Interviewing Done Right

November 8th, 2007 12:27 AM

We here at NewsBusters spend a lot of time pointing out examples of liberal media bias and stupidity, and taking to task empty-suit reporters for a variety of offenses, including "gotcha" journalism wherein reporters set out their questions like a fur-trapper laying a line of traps. You've seen it - questions using quotes out of context, twisting words into a trap for the targeted political figure - usually a Republican of course.

Well, today I'd like to point you in the direction of someone who does it right.

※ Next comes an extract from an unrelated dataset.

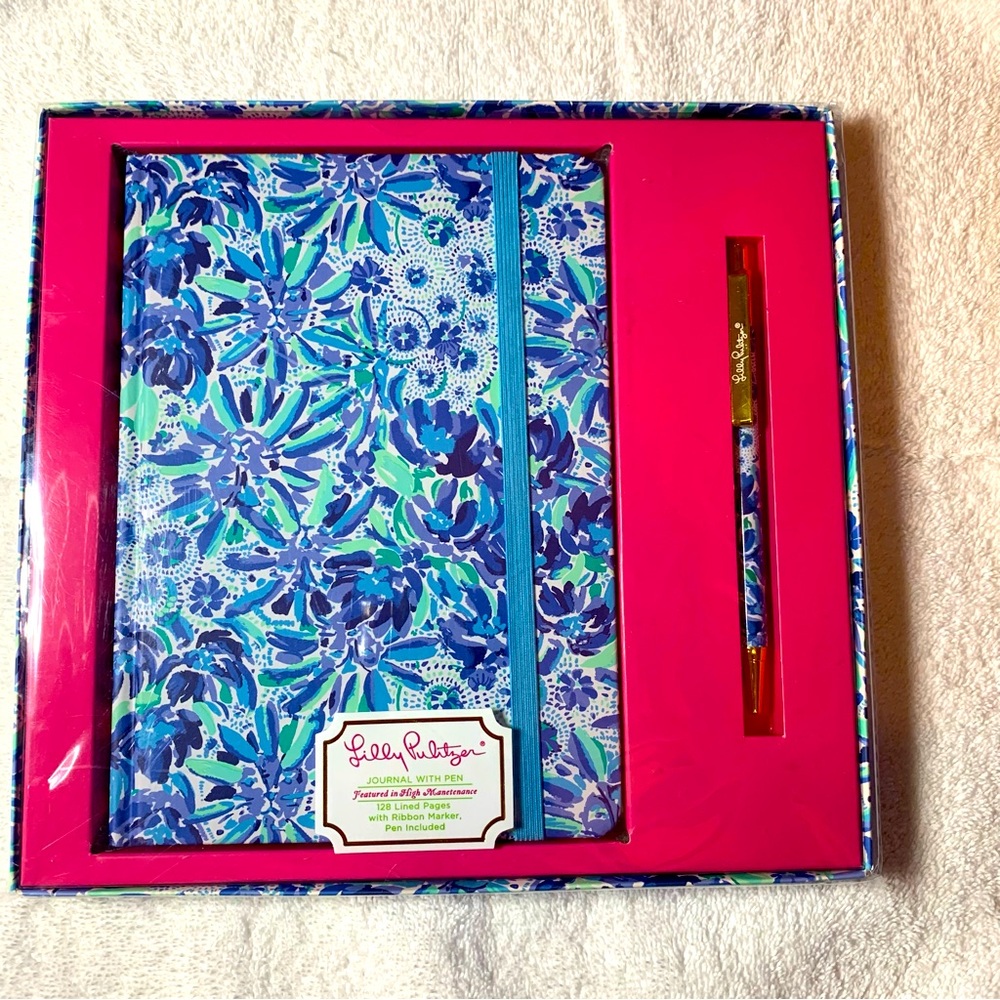 NEW! Lilly Pulitzer 128 pg lined Journal w/ Pen Gift Set--High Manetenance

Peter Robinson, a fellow at the Hoover Institution, has been doing a series of in-depth interviews with various political figures, distinguished scholars, and leading journalists, and they are some of the most interesting and serious journalism you'll find anywhere.

There's no attempt to trip the interviewee into a gaffe, no gotcha journalism, no rhetorical tricks and traps. Just good questions designed to shed light on serious topics and issues.

Robinson's latest is a 32-minute interview of former Florida Gov. Jeb Bush, online here via Google Video. You can also find it on the Hoover Institution's Uncommon Knowledge website, which also has listings by date, topic and guest names, of the many other such in-depth interviews Robinson has done. In recent months he's turned in some terrific interviews with such people as Fred Thompson, Christopher Hitchens discussing the war in Iraq, author Andrew Ferguson discussing his book Land of Lincoln, and Mississippi Gov. Haley Barbour.

Uncommon Knowledge is now exclusive on the web, but it began life as a television series on PBS. The website has a free archive of all the videos and transcripts from the television series, which ran from 1997 to 2005, and all post-TV webcasts.) as well as the current Webcasts (2006 - present).

As the Uncommon Knowledge website explains, the webcasts are the raw unedited video of the interview - you don't get some liberal network reporter's edited version of what was said, you get the whole interview. In a world of soundbite politics and media coverage that often only skims the surface, it's a refreshing change.